The fact that politicians are trying to influence election results is not new. A very good insight on the topic is provided in an article (in Romanian language) by Oxford University Professor Corneliu Bjola.
According to Prof. Bjola classical methods of political influence are based on the control/manipulation of the context. To be more concrete a certain technique called framing is used in presenting the real situation to the public. E.g. if we want to buy a car the salesman will try to highlight performance related characteristics if you are a man (frame 1), or some aesthetic aspects if you are a woman (frame 2). Both points of view are correct as they present certain veridic facts, but the way the context is built is very important. What the buyer must do is to try to get out of the context and ask additional questions that will get him the overall picture that will definitely help in taking the best decision. Relying only on gut/intuition might not be the way to take decisions. But, according to science, most of us accept the gut decisions that are in many cases influenced by techniques such as framing.

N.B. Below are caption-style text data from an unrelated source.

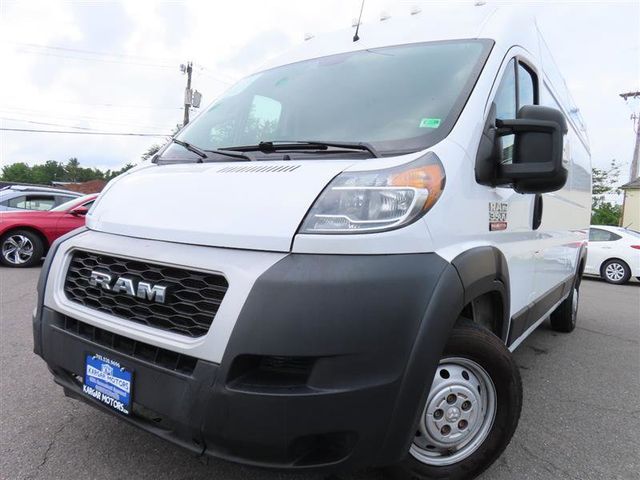 2020 Ram ProMaster Base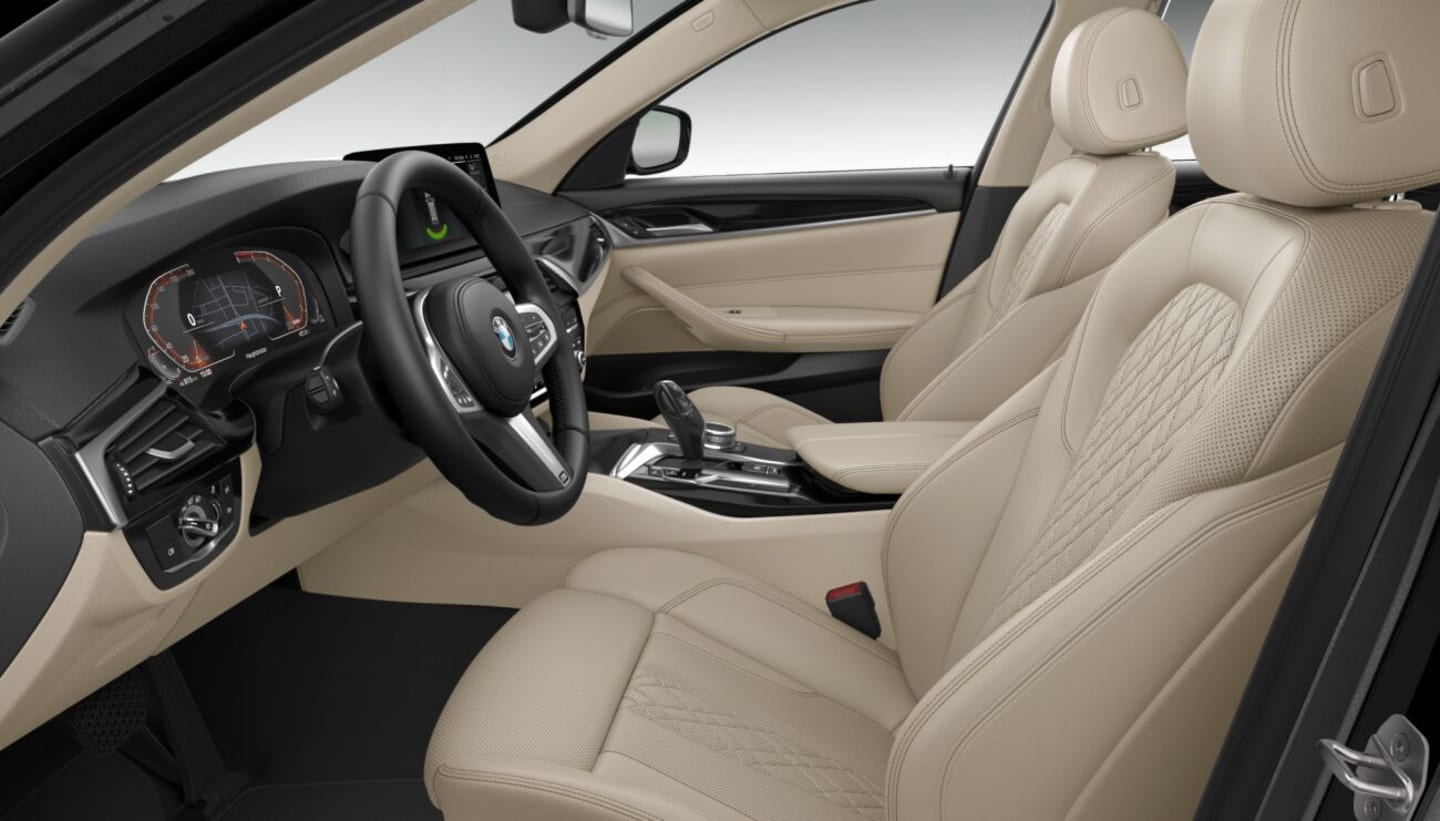 BMW 5er Touring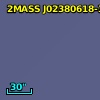 2MASS J02380618-3431194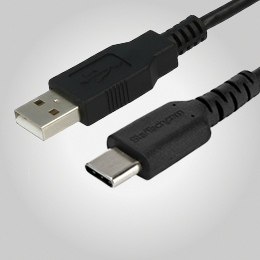 USB-A/USB-C Kabels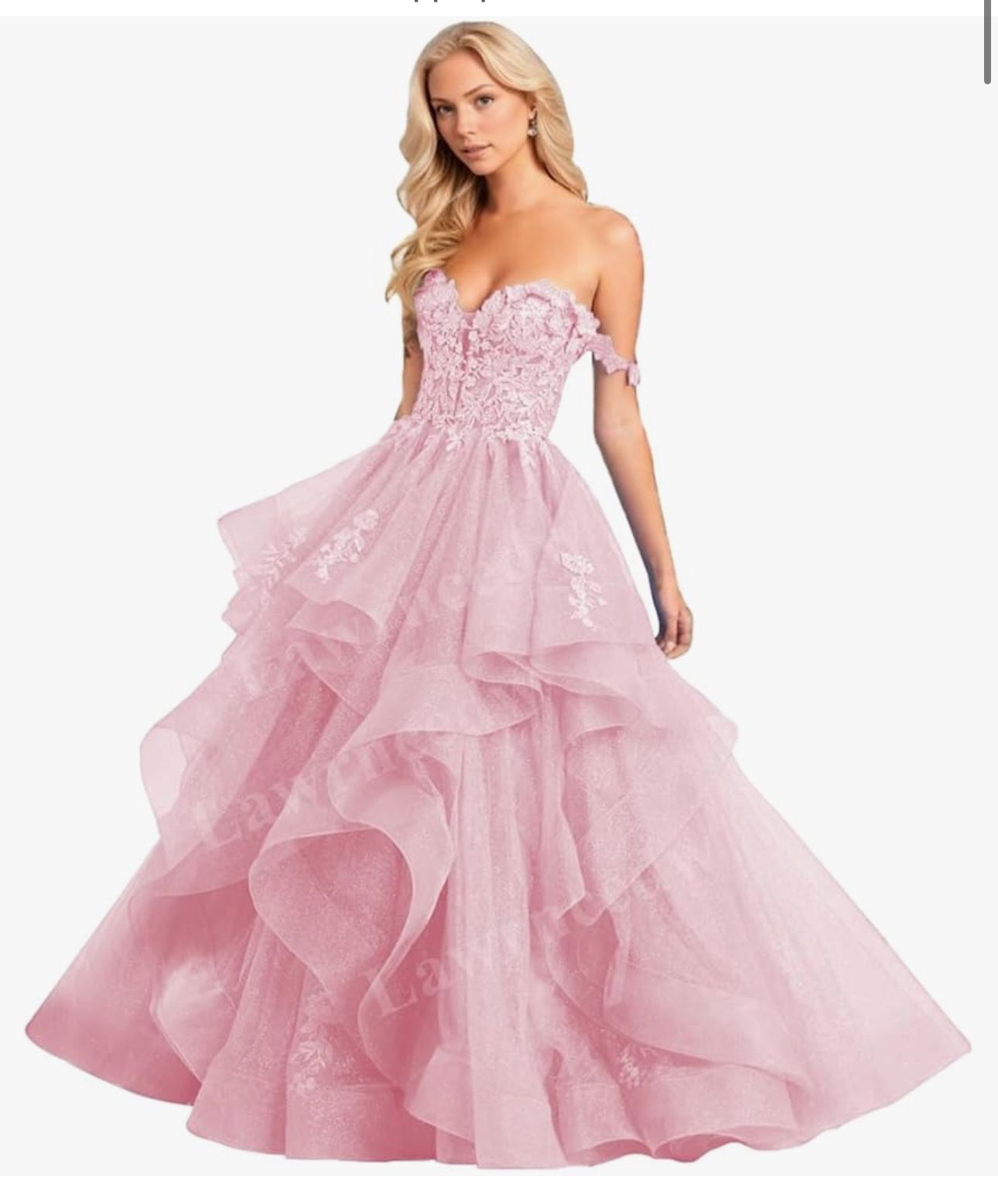 Prom/Quince 15/Party Dress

What CA did in this case was to target certain user profiles by framing them with the use of powerful emotional content, that could have influenced their voting decision. The technique is not new, as it was used previously along history. But what made this case exceptionally interesting and what turned it into a full scandal was the ease of access to millions of users and the frivolity with which their psychological profiles were built. What we don’t know though, again according to prof. Bjola, is whether these efforts were successful or not.

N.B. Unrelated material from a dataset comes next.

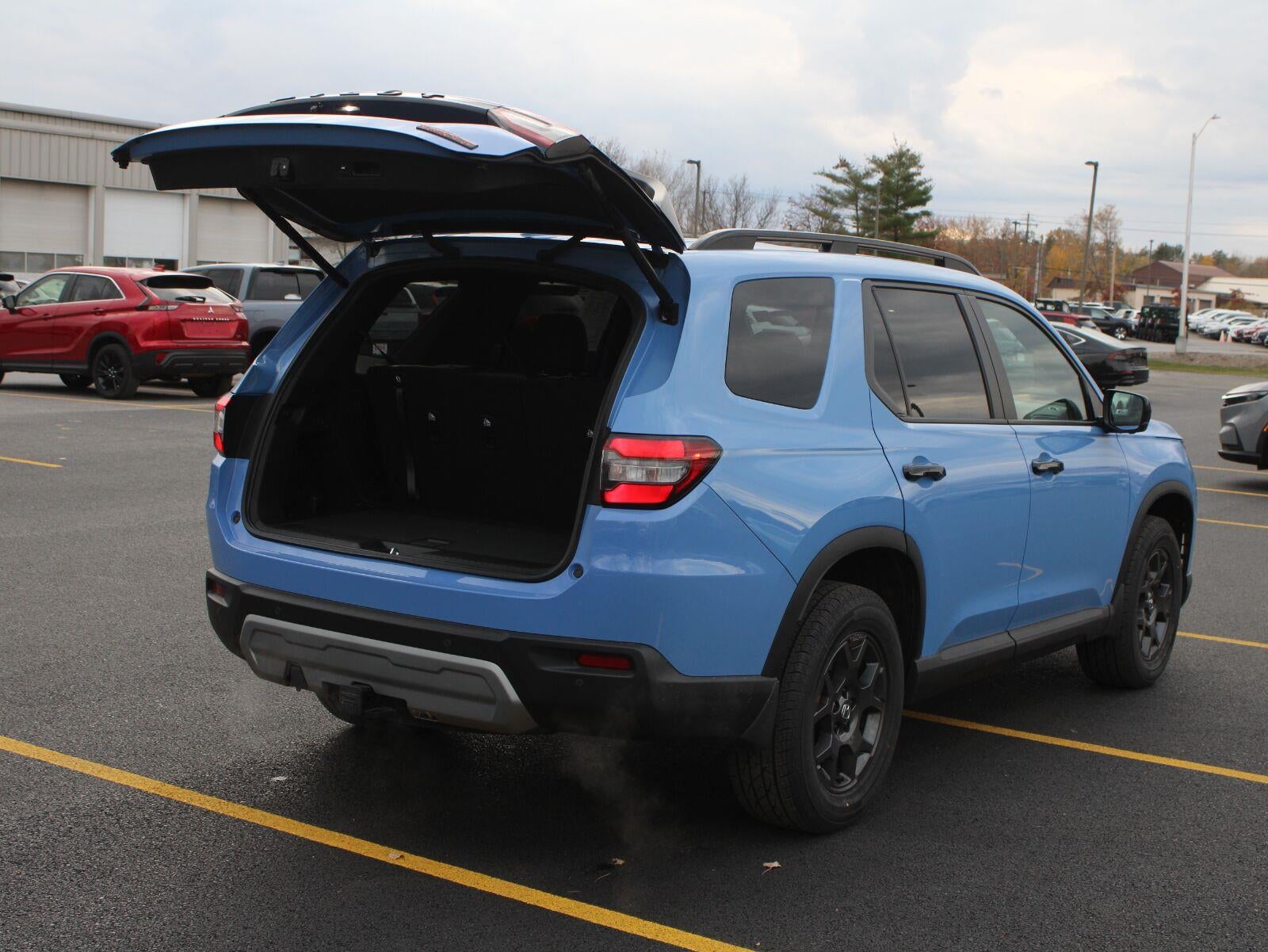 2024 Honda Pilot TrailSport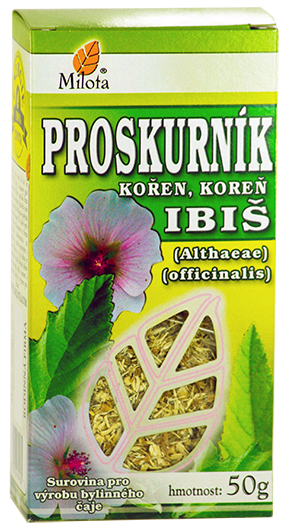 Proskurník lékařský kořen 50g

What classifies this incident as a worldwide scandal is that it managed to prove how much power data controllers/processors can have nowadays, just to use a GDPR friendly term. This is clearly a case where Facebook would have been fined under the new EU’s General Data Protection Regulation if it were to happen after the 25th of May.

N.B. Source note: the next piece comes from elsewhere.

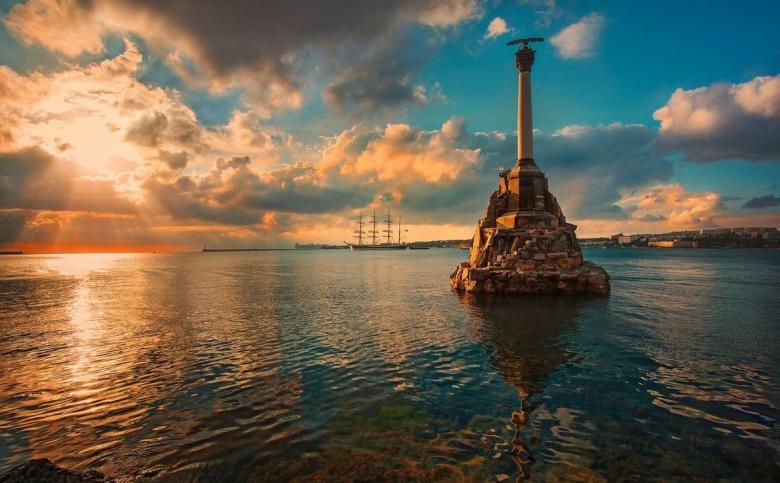 Севастополь, Крым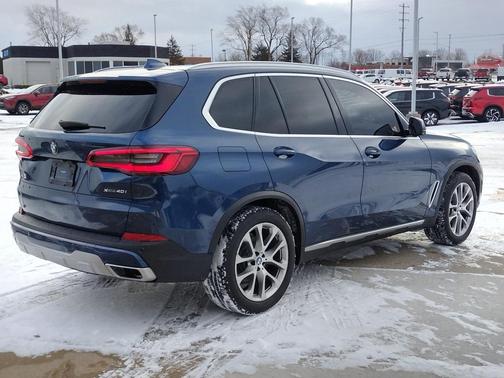 2020 BMW X5 xDrive40i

This scandal is a turning point, I might even say ground zero in what might be the next course of action as regards privacy worldwide. Data becomes crucial as with the new technology developments such as big data, artificial intelligence, IoT etc. All new technological developments that dominate the end of this decade cannot function properly without being fed by massive amounts of data. No machine learning algorithm will be able to learn without the use of data. Data has become an expensive currency and must be protected properly. Just like Pedro Domingos mentions in his book “The Master Algorithm” we will probably need some kind of data banks that will protect our data against abusive access.
There are also other ideas out there on what the future might bring us after this scandal. One idea that I particularly find interesting is “self-sovereign identity – open standards-based infrastructure that centers on people”, as described in this article. The main point is that we should not rely on platforms such as Facebook to provide them with an identity online, but we should start developing open-source standards/protocols for identification that can later be used by different platforms for log in. Take for example the model of TCP/IP protocol stack, that sustain most online communications today. TCP/IP would not have had such a success if owned by one player in the market.
As you have probably seen many internet giants have recently started updating their privacy policies due to the new requirements of the EU General Data Protection Regulation (GDPR). I am also pretty sure that based on the CA scandal they are also now looking into their data and who has access to it. If such a disclosure were to happen after the 25th of May 2018 (official entry into force) there would be some serious fines for the responsible party. Our take from this should be that data has become a very valuable asset. Whole industries are practically depending only on data, so we might want to be more responsible in this area.